He then goes on to talk about his desire to give practical help to those people who "get" the open access argument but need help in making it happen effectively.  And towards the end he touches on the people illegally selling CC licenced Flickr images on eBay issue that I blogged about a while back.

Worth a listen if you have time.

June 23, 2008

Creative borrowing?

Charles Arthur, What's the right way to talk about copyright stuff? (Guardian Technology, June 23 2008), asks, "How do you describe it when someone sells a photograph they don't have a right to?".

He is referring to the fact that "some people who had put photos on Flickr under a Creative Commons non-commercial licence found that they were being sold on eBay by someone who was claiming the rights to them".

Simple question?

Apparently not - and, judging by the responses to the article, using words like 'theft' and 'steal' clearly rub some people up the wrong way... "The photographs in question simply are not being stolen. They're being copied. No thieves in existence there, but copiers.
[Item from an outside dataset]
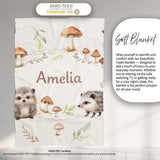 Cute Woodland Hedgehog Mushrooms Leaves Seamless Pattern Warm Beige  Personalised Custom Name Super Soft Fleece Blanket Bed Sofa Throw
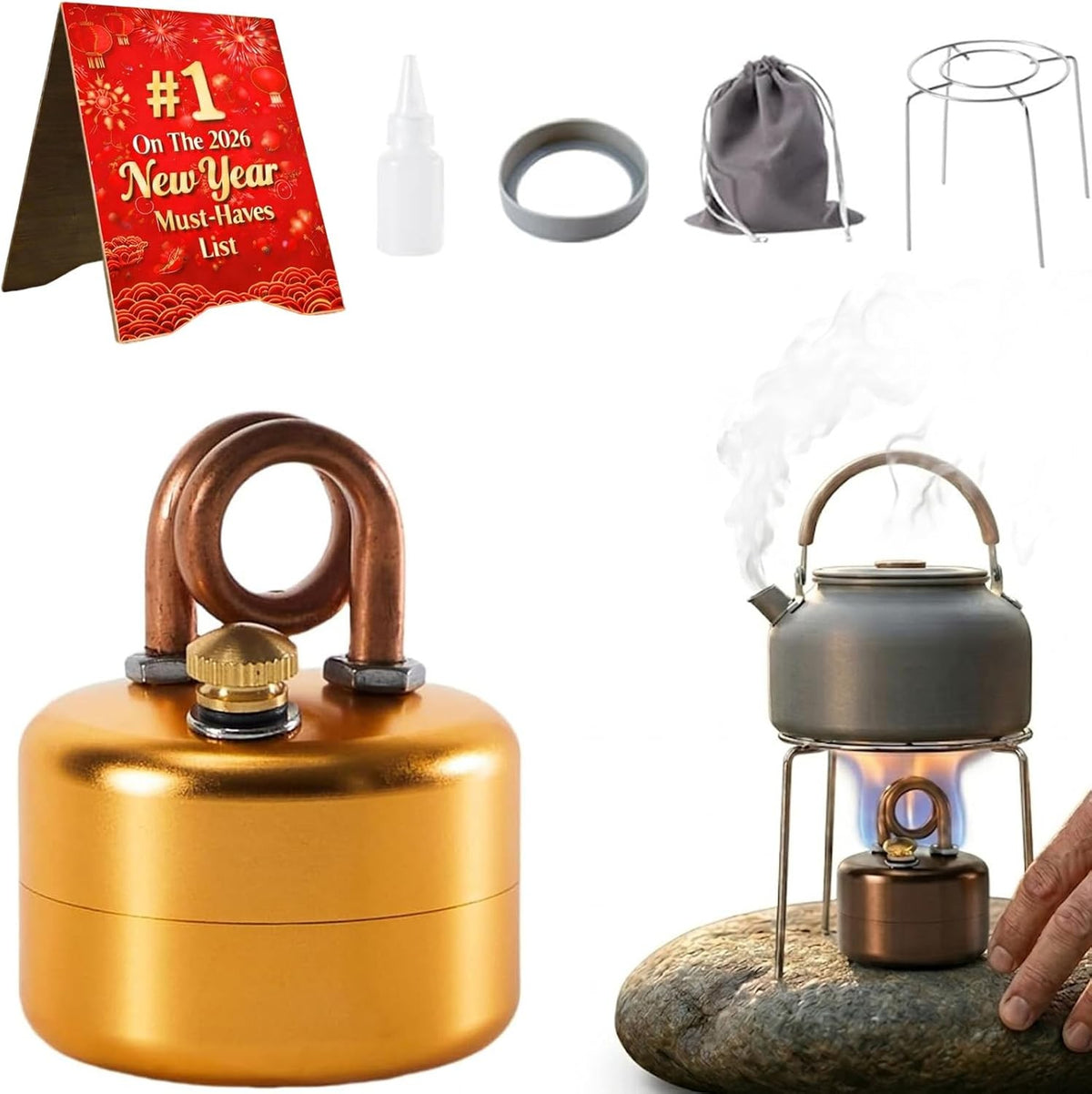 Mini Alcohol Camping Stove Lightweight Brass & Aluminum Spirit Burner Kit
Illegal copiers I'm sure...".

I have to confess that when I used to talk to my own children about illegally downloading music on the Web I tended to use the analogy of shoplifting, on the basis that each time they downloaded a track they would be denying a shop (and the artist) a sale .  So what was their typical reaction?  Basically, they thought I was completely mad (and they probably weren't wrong - either in the specific or general case!).

As ParkyDR says in a comment on the article: "Nothing has been taken, the original owner still has the photo, in this case even copying it was ok (CC licenced), the license was broken when the photo was sold".

Well, yes...  but it still feels a lot like theft in many ways?  As Nickminers says, "if you make money from a photo that was taken by somebody else, you have effectively stolen the money that the copyright holder should have earned from the sale".

Dvdhldn suggests using the phrase "copyright theft" as a compromise between "theft" and "illegal copying" which sounds reasonable to me.  Whatever... the key point here is that I don't think many people would disagree that selling someone else's CC-BY-NC images without permission is wrong.  The issue is only with what words we should use to label the activity.

So here's a less clear cut scenario...  Brian Kelly tweeted the other day about a new competitor service to Slideshare called AuthorSTREAM.  The new service looks interesting and offers some functionality not currently present in Slideshare, though I have to say I feel slightly uncomfortable about how far the new service has gone to make itself look and feel like the original.

But the service itself isn't the issue.  Brian also noticed that someone had taken copies of a large number of old UKOLN Powerpoint presentations and uploaded them to the AuthorSTREAM site.  I took a look for my own presentations and sure enough, a few of those uploaded were mine.

Hmmm... that's a little annoying.  Or is it?  No, perhaps not - there's no attempt at passing these presentations off as being by someone else so perhaps it is just good visibility.  On the other hand, I know of at least one case where the continued availability of old, technically out of date, material on the Web does more harm than good and I'd prefer to be in control of when I publish my own crap thank you very much.

So, it's not clear cut by any means...

I also noticed that one of my more recent presentations has been made available, uploaded by someone called 'Breezy' and labeled on AuthorSTREAM as andy powell presentation, though the original on Slideshare is called The Repository Roadmap - are we heading in the right direction?  This is more frustrating in a way.  The presentation is already available on the Web in a very accessible form and someone else uploading it to a different service just waters down the Google juice of the original.  That's downright unhelpful, at least from my perspective.  If Breezy had asked, I'd have said no and asked him or her to link to the original.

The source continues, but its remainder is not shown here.